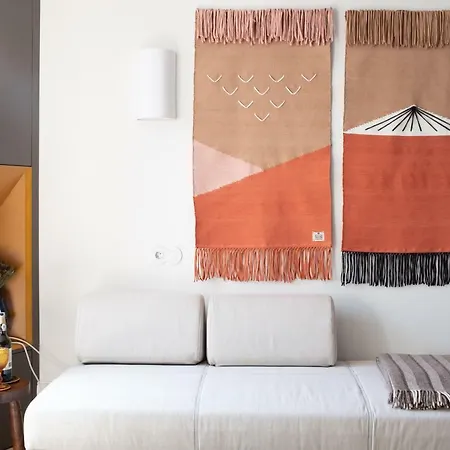 Apartman Homeintown Camoes - Modern And Quiet Central Studio - Ac & Fast Wifi Near Trindade Metro Station Porto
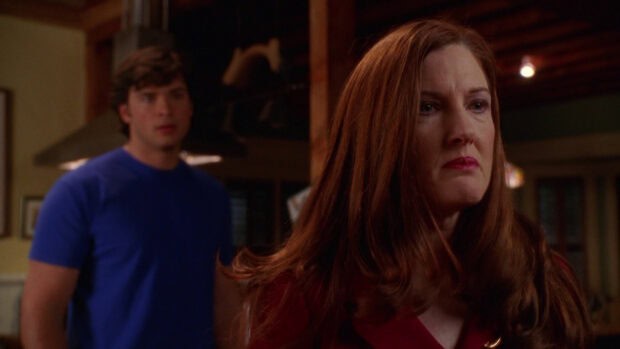 A tense scene featuring two characters from Smallville Tv Series, HD Desktop Wallpaper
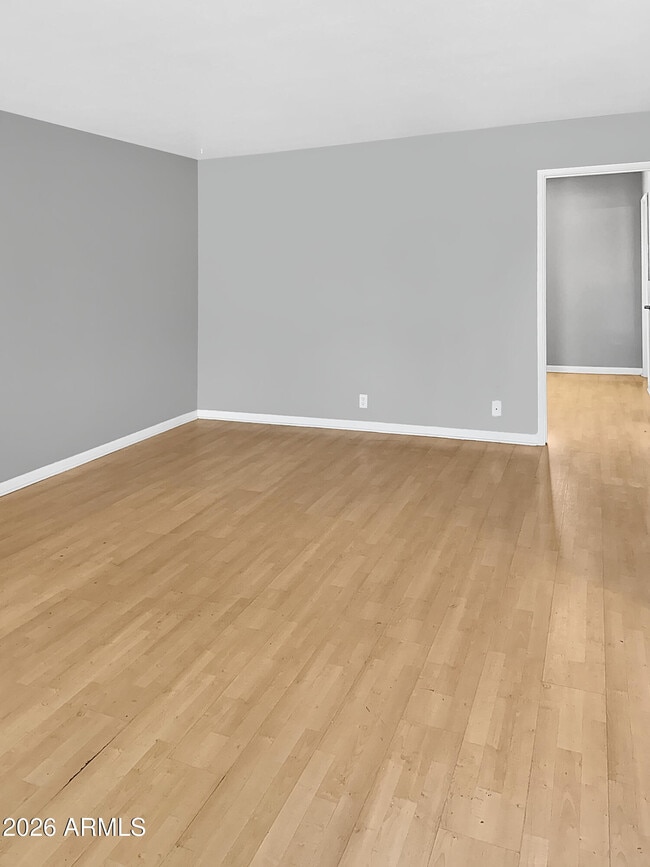 Building Photo - 6841 E 2nd St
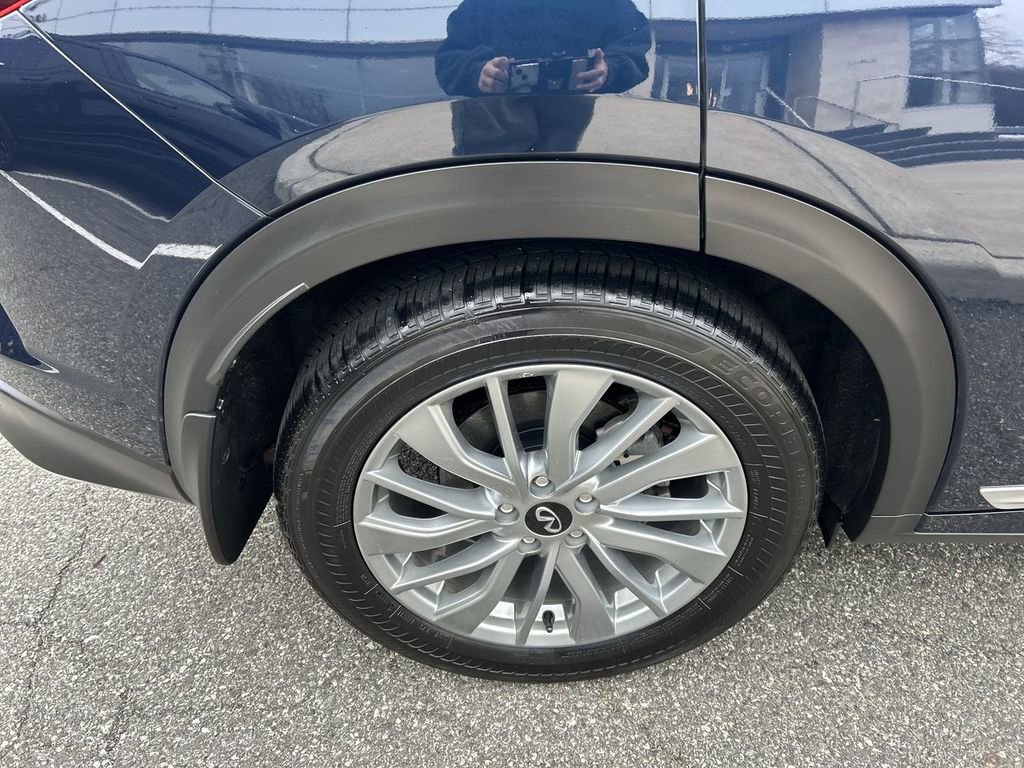 Certified 2025 INFINITI QX50 Luxe w/ Accent Package image 12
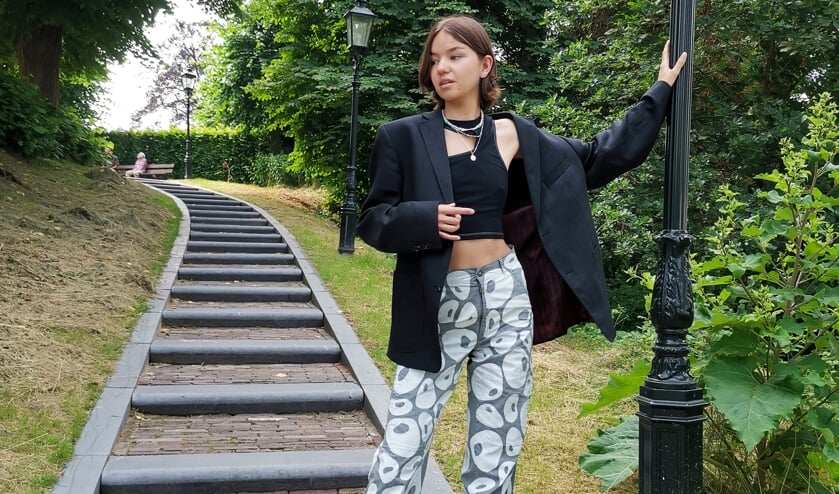<p>Muriel laat zien hoe ze van gedragen kleding weer hippe, nieuwe mode maakt. Misschien verkoopt ze ook wel wat mooie artikelen.</p>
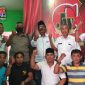 Tim Terpadu Pengawasan Ormas dan LSM pose bersama dengan ketua dan anggota Jatim Corruption Watch (JCW) Sampang.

--------------------------------------------------

Assignment: For this exercise, transcribe the data above line by line, exactly, with pictures omitted.

The completed task:
 Apartman Homeintown Camoes - Modern And Quiet Central Studio - Ac & Fast Wifi Near Trindade Metro Station Porto
 A tense scene featuring two characters from Smallville Tv Series, HD Desktop Wallpaper
 Building Photo - 6841 E 2nd St
 Certified 2025 INFINITI QX50 Luxe w/ Accent Package image 12
<p>Muriel laat zien hoe ze van gedragen kleding weer hippe, nieuwe mode maakt. Misschien verkoopt ze ook wel wat mooie artikelen.</p>
 Tim Terpadu Pengawasan Ormas dan LSM pose bersama dengan ketua dan anggota Jatim Corruption Watch (JCW) Sampang.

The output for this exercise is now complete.